What this task involves:
Repeat the data exactly as it stands.

Data below:
########

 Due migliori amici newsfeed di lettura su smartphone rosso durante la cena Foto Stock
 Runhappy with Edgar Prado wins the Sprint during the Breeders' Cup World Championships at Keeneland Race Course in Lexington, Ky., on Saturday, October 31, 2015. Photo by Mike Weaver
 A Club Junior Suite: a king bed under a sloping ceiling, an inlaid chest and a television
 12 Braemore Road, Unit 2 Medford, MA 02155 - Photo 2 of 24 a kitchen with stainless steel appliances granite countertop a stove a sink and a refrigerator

########

Response area:
 Due migliori amici newsfeed di lettura su smartphone rosso durante la cena Foto Stock
 Runhappy with Edgar Prado wins the Sprint during the Breeders' Cup World Championships at Keeneland Race Course in Lexington, Ky., on Saturday, October 31, 2015. Photo by Mike Weaver
 A Club Junior Suite: a king bed under a sloping ceiling, an inlaid chest and a television
 12 Braemore Road, Unit 2 Medford, MA 02155 - Photo 2 of 24 a kitchen with stainless steel appliances granite countertop a stove a sink and a refrigerator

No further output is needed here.